Just to follow-up on this, the result was:
7601.36s real     0.36s user     0.02s system

Or about 2 hours.
    Enjoy,
    Stephen

Re: array_accum aggregate

От
Tom Lane
Дата:
Stephen Frost <sfrost@snowman.net> writes:
> * Tom Lane (tgl@sss.pgh.pa.us) wrote:
>> It looks like it should work to have just one polymorphic aggregate
>> definition, eg, array_accum(anyelement) returns anyarray.

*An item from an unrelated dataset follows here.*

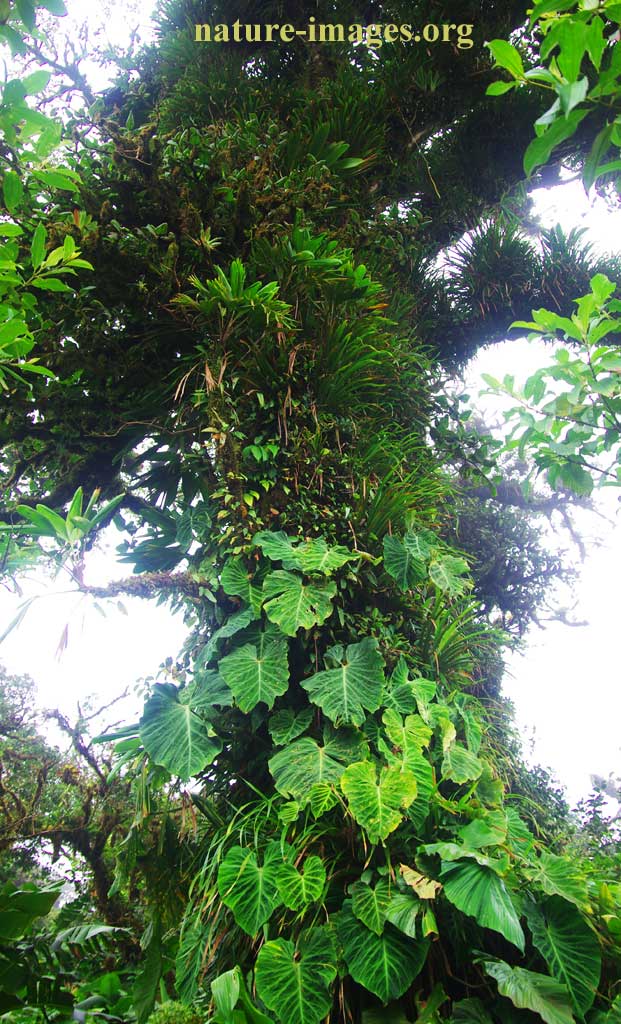 Cloud forest Huge Tree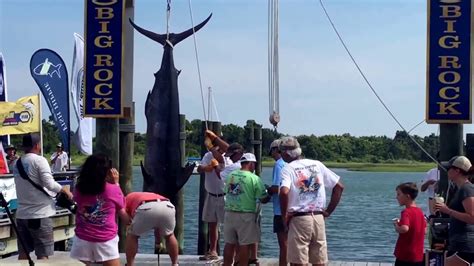 Big Rock Fishing Tournament 2017 Morehead City Nc Blue Marlin Weight In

> I was hoping to do that, but since it's an aggregate the ffunc format is
> pre-defined to require accepting the 'internal state' and nothing else,
> and to return 'anyelement' or 'anyarray' one of the inputs must be an
> 'anyelement' or 'anyarray', aiui.

Hmm ... I hadn't been thinking about what the state type would need to
be, but certainly "bytea" is a lie given what you're really doing.
We've run into this same problem in contrib/intagg: sometimes you'd like
to use a state data structure that isn't any regular SQL datatype, and
in particular isn't just a single blob of memory.  That's a problem from
nodeAgg's point of view because it expects to be responsible for copying
the state value from one context to another.  Don't have an immediate
idea for a solution ...
        regards, tom lane


Re: array_accum aggregate

От
"Florian G. Pflug"
Дата:
Tom Lane wrote:
> Stephen Frost <sfrost@snowman.net> writes:
>> * Tom Lane (tgl@sss.pgh.pa.us) wrote:
>>> It looks like it should work to have just one polymorphic aggregate
>>> definition, eg, array_accum(anyelement) returns anyarray.
> 
>> I was hoping to do that, but since it's an aggregate the ffunc format is
>> pre-defined to require accepting the 'internal state' and nothing else,
>> and to return 'anyelement' or 'anyarray' one of the inputs must be an
>> 'anyelement' or 'anyarray', aiui.
> 
> Hmm ... I hadn't been thinking about what the state type would need to
> be, but certainly "bytea" is a lie given what you're really doing.
> We've run into this same problem in contrib/intagg: sometimes you'd like
> to use a state data structure that isn't any regular SQL datatype, and
> in particular isn't just a single blob of memory.  That's a problem from
> nodeAgg's point of view because it expects to be responsible for copying
> the state value from one context to another.  Don't have an immediate
> idea for a solution ...

I used an int8 as state type for an implementation of a kind of
array_accum_unique aggregate. I know that it's a ugly hack, but
it has been running on a production machine for months now, without
a problem...

The memory is alloc'd from the aggcontext, btw.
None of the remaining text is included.